Social fault lines to the fore as referendums loom
Parliament's narrow vote in favour of a referendum on euthanasia has moved the End of Life Choice Bill one step closer to reality - but it will also mean a more complex and messy election campaign next year, as Sam Sachdeva writes.
After a week of damaging news about the Auckland light rail fiasco, Jacinda Ardern must be sick of third rail issues.
Yet the Prime Minister is now set to navigate a treacherous public debate on not one, but two politically charged and polarising social topics as she and her government seek to win re-election at the ballot box next year.
On Wednesday night, Parliament voted by a slim 63 to 57 majority in favour of amending David Seymour's End of Life Choice Bill to make its entry into force conditional on a binding referendum - a change which puts long-debated legislation a significant step closer to fruition.
While it must still pass a third reading in Parliament next month, New Zealand First's support - provided in earlier stages on the understanding a referendum amendment would be introduced - gives the ACT leader breathing room should he lose a few of the 70 MPs who supported the bill at its second reading.
For Seymour, Ardern and some other euthanasia supporters, a referendum is an undesirable but necessary evil to get the legislation across the line, after attempts to change the law under previous parliaments fell short.
Proponents point to healthy levels of public support for reform, with upwards of 70 percent in favour of legalising some form of assisting dying in most polls.
That may explain Seymour sees a referendum as an acceptable compromise - but recent trends for the other referendum topic which the End of Life Choice Bill will likely feature alongside next year would caution against any complacency.
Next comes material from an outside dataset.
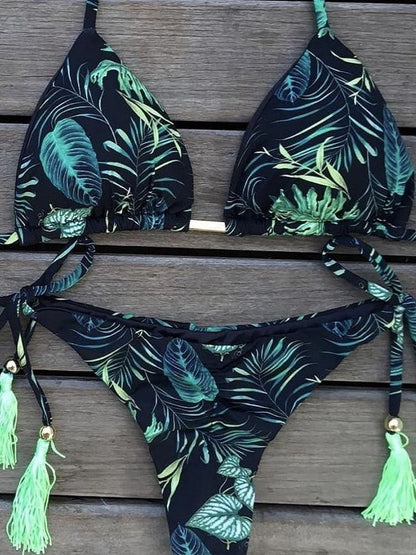Tropical swimsuit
Like euthanasia, legalising the personal use of cannabis has attracted the backing of a sizeable majority of the public, with 60 percent in favour and just 24 percent against in a Horizon Research poll a year ago.
But in the face of political attacks from the National Party and the 'Say Nope to Dope' group warning of cannabis-laced gummy bears being sold to children, support has plummeted. In an August poll from Horizon Research, 47 percent were now opposed to legalisation and 39 percent in favour - a 44-point swing from just under a year ago.
The cannabis referendum faces some difficulties that euthanasia does not, such as the lack of political advocates for change, with Ardern and most of the government outside of the Greens steering clear of any endorsement or campaigning.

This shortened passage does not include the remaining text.